■ **GIVEN INFORMATION**
·····
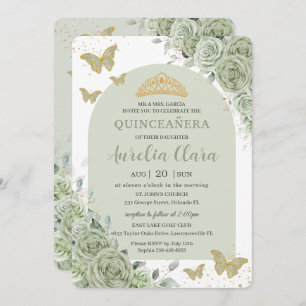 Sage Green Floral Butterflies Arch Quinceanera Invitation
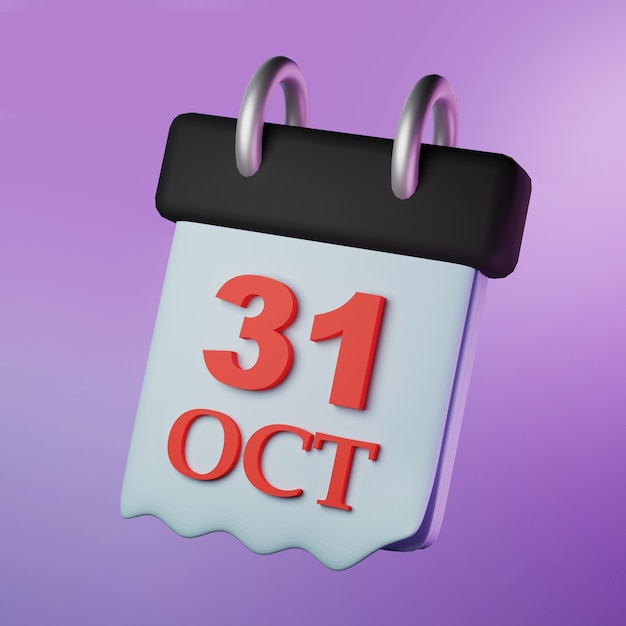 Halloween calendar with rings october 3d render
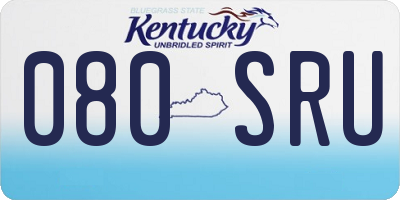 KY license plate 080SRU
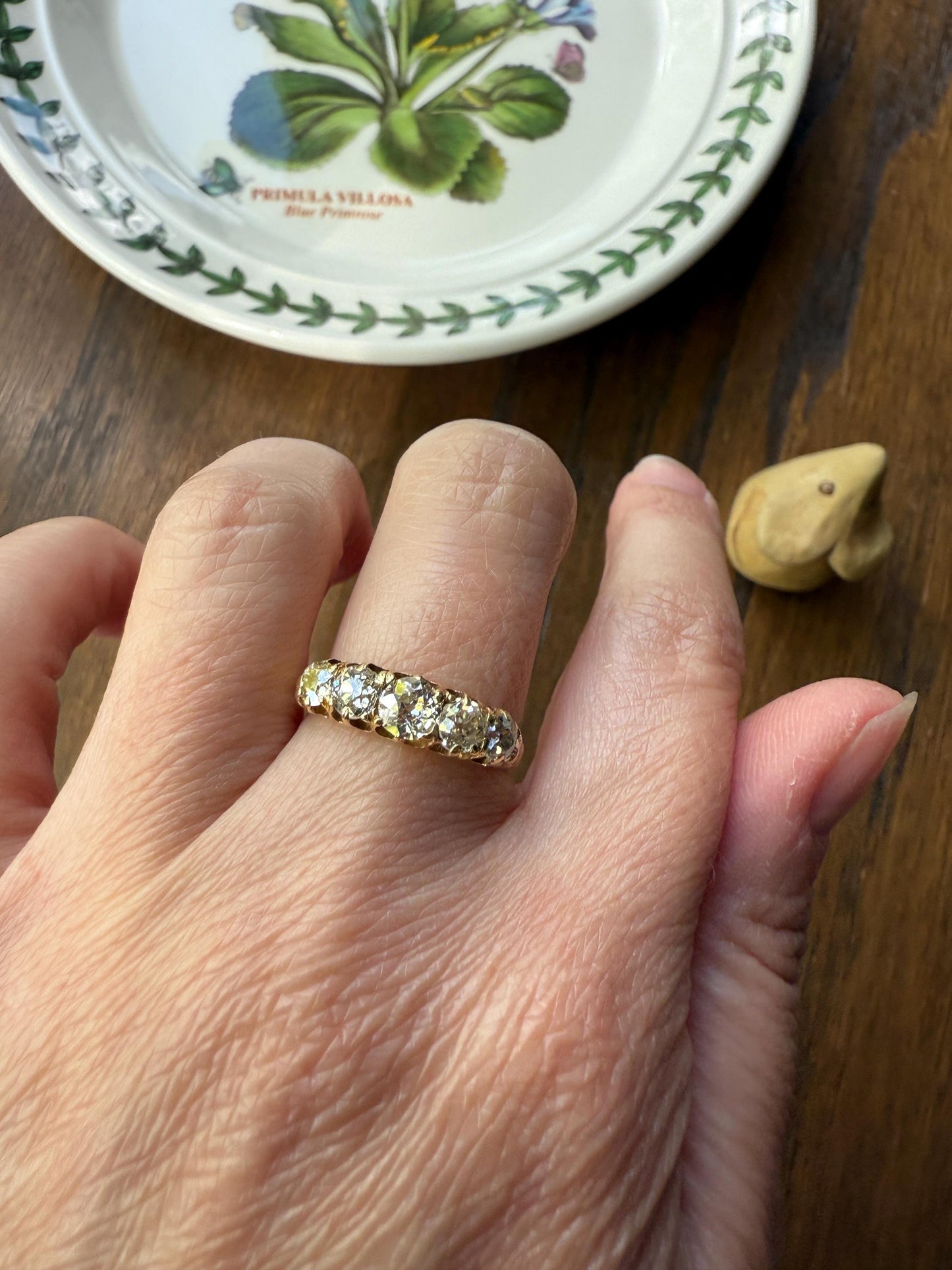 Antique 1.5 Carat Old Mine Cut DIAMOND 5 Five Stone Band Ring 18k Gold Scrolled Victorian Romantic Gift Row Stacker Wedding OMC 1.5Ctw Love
·····
■ **TRY IT**
Everything in the data except the pictures must appear in your answer unchanged.

■ **OUTPUT OF THE EXERCISE**
 Sage Green Floral Butterflies Arch Quinceanera Invitation
 Halloween calendar with rings october 3d render
 KY license plate 080SRU
 Antique 1.5 Carat Old Mine Cut DIAMOND 5 Five Stone Band Ring 18k Gold Scrolled Victorian Romantic Gift Row Stacker Wedding OMC 1.5Ctw Love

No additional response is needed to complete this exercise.